July 30, 2007 | 2:00 a.m. CDT

Three guides show the beauty of the Missouri River on a canoe trip from Rocheport to Huntsdale

Brett Dufur, top, helps high school students from St. Louis pile into their canoes in Rocheport on Wednesday. Dufur leads trips along the Missouri River; this group trekked from Rocheport to Huntsdale.

For most of these students, this is their first time paddling a canoe. Dufur says looking out for 26 teenagers is manageable, but as he loads the third pair of students onto their canoe, another pair already paddling tips over. Sev Behrer then jumps into the creek to retrieve the wet students.

“No one has ever tipped over two minutes into the trip,” Dufur says. “I’ll have to keep an extra eye on them.”

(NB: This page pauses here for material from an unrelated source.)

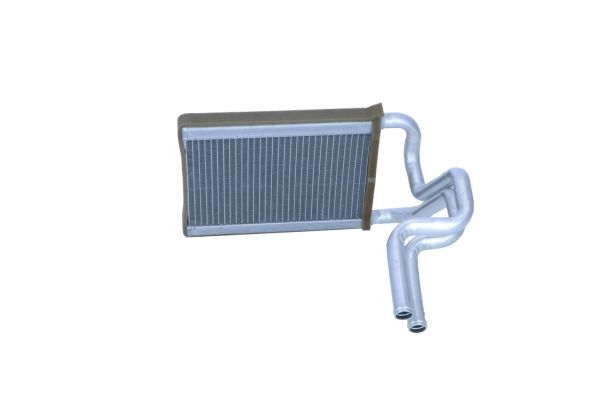 NRF HEAT EXCHANGER. INTERIOR HEATING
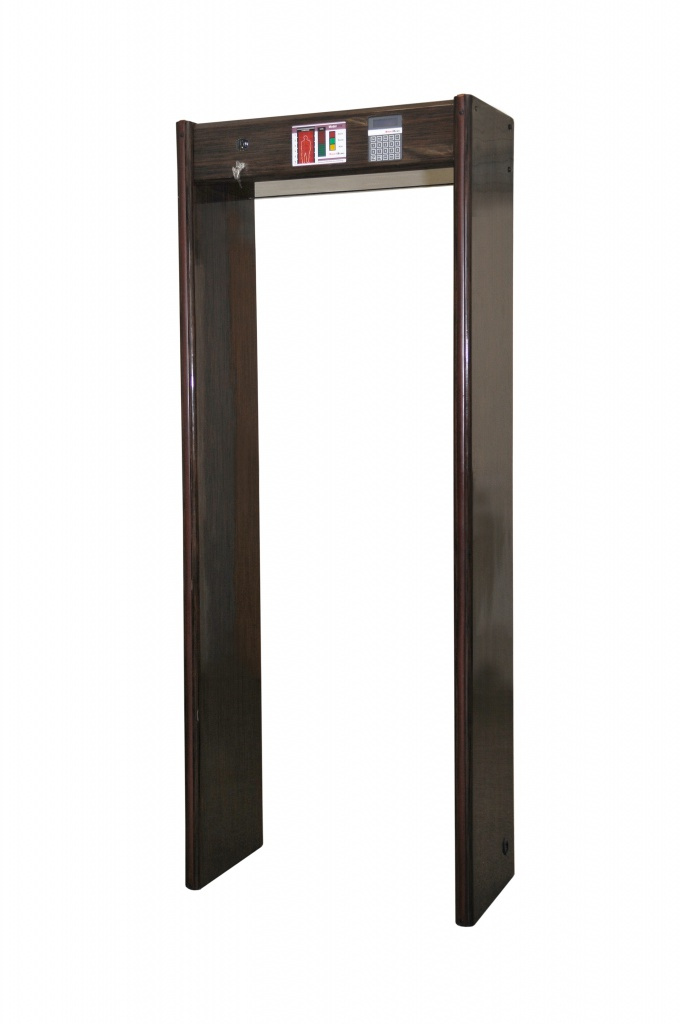 Металлодетектор SmartScan В18WP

After that, no one falls into the Big Muddy. Along their route from Rocheport to Huntsdale, the city kids look with awe as they float underneath the Interstate 70 Missouri River Bridge. The caravan stops three times, twice for fierce water fights and once to see the Torbett Spring and waterfall, which comes out of the Lewis and Clark Cave.

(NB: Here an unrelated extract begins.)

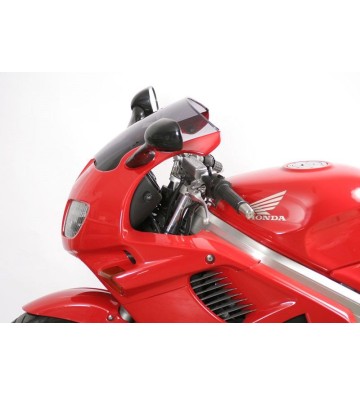 MRA Originally-shaped windshield for VFR 750 F 94-97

There is also a fourth stop, three-quarters of the way into the trip. Dufur, feeling confident in and proud of the students’ paddling skills, calls everyone together in the middle of the river. The students, holding onto each other’s canoes, listen to the sounds of the river as Dufur explains how Lewis and Clark and other explorers used the same waterway for their expeditions ages ago.

“In general, everyone seems to have a negative perception of the Missouri River,” Dufur says. “Maybe it’s because of the 1993 floods they saw on TV. I’m here to show them the river’s beauty.”